The truth is, I do realize being cursed with crooked bangs probably hasn't got much to do with why I can't catch a break on line at the A&P. I even know that in the grand scheme of things, none of these irritants amount to very much, but you see, it's the grand scheme of things that is keeping me up at night.

Maybe this isn't the story of a bad haircut after all (though, so help me God, it looked like I'd been mauled by an ocelot). Maybe this is about the feeling that we're all living in a world gone off its rocker. We're watching families try to exist on a wage of $5.15 an hour, we're waiting for the next terrorist attack, and, to top it all off, the planet is melting. It doesn't really matter that a lunatic French-kissed my Marc Jacobs bag, or even that my gynecologist's timing was absurdly off. What matters is that we're witnessing the death of civility, and—if I remember anything at all from ninth-grade history—that's generally followed by the fall of civilization.

There is a quiet but constant undertow, a dull persistent ache that's with me all the time, and I don't think I'm alone. It's gotten increasingly weird out there, and so we turn inward. It's easier to think about hair than to think about Darfur, to blame some guy in white jeans rather than political forces I can't begin to comprehend. I read the paper with a feeling of impotent rage. I worry that my daughter won't have the same rights my mother's generation fought for me to have.
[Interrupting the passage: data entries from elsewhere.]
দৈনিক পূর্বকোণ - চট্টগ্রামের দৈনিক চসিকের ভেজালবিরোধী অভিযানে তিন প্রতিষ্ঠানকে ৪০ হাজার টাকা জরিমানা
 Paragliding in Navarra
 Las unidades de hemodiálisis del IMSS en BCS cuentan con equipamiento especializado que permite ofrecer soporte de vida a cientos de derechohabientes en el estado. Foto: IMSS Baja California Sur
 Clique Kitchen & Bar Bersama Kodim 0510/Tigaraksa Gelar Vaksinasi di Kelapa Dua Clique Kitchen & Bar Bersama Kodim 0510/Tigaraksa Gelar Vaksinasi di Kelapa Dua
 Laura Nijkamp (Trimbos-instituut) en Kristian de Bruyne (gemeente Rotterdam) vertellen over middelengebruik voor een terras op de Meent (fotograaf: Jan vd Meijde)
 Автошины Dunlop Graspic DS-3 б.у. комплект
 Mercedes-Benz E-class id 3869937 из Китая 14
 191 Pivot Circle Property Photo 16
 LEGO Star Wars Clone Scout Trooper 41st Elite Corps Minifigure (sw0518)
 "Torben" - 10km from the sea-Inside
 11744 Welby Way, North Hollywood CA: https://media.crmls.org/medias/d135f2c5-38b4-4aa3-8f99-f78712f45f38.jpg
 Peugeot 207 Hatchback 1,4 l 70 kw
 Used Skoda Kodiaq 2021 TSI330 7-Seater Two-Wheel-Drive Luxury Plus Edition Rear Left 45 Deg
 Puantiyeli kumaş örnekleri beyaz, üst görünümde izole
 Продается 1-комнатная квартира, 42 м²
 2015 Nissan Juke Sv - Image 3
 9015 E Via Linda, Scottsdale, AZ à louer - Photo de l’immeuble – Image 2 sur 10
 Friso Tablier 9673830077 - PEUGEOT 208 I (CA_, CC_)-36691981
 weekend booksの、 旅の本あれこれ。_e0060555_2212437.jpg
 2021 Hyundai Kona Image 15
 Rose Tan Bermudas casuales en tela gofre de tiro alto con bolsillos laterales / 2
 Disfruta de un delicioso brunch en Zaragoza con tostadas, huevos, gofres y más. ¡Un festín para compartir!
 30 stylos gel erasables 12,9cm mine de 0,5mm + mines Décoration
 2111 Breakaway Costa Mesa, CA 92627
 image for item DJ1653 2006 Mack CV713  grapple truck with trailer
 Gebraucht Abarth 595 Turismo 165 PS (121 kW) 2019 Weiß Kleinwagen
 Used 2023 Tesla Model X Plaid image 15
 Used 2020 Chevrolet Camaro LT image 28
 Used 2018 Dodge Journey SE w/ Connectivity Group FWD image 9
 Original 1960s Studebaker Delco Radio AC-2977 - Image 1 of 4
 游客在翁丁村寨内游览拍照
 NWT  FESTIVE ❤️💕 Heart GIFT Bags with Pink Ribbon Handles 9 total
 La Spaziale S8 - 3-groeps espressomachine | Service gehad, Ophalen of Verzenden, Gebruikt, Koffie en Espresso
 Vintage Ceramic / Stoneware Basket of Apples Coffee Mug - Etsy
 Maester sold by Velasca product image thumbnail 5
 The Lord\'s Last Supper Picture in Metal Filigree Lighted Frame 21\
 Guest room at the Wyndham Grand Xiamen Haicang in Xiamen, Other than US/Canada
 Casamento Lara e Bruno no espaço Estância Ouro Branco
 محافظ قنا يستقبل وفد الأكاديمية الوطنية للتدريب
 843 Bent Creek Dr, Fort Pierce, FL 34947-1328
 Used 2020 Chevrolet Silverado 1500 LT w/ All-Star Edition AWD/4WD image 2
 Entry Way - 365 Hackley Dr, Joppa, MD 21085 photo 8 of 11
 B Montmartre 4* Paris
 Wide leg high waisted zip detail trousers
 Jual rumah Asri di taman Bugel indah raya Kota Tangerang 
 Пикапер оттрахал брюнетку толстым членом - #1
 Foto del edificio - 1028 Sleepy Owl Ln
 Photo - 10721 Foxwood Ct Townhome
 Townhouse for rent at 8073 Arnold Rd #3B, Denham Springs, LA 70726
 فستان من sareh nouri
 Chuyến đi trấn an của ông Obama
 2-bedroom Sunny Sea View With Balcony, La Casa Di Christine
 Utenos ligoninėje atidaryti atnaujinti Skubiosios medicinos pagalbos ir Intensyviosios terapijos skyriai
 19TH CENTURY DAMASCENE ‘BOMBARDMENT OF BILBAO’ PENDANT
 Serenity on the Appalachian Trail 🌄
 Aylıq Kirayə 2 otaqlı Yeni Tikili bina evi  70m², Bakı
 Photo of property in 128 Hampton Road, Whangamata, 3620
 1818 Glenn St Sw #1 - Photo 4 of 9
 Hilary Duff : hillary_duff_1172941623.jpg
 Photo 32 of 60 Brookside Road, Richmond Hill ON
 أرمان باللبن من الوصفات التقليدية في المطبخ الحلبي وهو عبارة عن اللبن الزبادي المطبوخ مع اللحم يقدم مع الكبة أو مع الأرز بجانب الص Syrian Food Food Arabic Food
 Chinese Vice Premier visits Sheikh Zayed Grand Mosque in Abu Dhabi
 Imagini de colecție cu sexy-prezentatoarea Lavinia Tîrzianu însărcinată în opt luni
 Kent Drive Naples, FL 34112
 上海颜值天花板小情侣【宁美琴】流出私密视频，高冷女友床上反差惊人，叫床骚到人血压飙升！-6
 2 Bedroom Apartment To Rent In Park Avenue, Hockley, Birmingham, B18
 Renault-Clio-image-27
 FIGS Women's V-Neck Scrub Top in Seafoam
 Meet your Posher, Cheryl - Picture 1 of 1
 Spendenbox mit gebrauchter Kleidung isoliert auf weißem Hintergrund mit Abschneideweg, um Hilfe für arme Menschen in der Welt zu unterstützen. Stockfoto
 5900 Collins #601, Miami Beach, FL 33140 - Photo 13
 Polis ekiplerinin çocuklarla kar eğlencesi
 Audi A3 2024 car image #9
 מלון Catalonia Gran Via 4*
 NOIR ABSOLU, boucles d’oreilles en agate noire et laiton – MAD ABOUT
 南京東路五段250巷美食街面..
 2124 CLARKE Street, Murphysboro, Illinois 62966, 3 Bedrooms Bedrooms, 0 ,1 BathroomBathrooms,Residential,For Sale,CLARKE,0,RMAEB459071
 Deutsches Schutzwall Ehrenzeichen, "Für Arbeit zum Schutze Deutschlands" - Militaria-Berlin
But then I see Julia's face, and, to quote the Monkees, I'm a believer. I believe that for every nasty claims adjuster putting me on hold, there's a sympathetic one willing to hear me out; that for every Geraldine Cutler, there's a wonderful Wendy Goldstein just down the hall; that my ex's new bride probably has one of those screwed-up toenails that prevents her from wearing sexy sandals; that people are starting to make some righteous noise about Darfur, to finally pay attention to the climate crisis, to march against poverty, to demand a detailed exit strategy for this war. I believe that when Al Gore cautions against going "from denial to despair" without doing what it actually takes to solve the problem, it's high time we listen up. And I cling to the belief that even the worst haircut eventually grows out.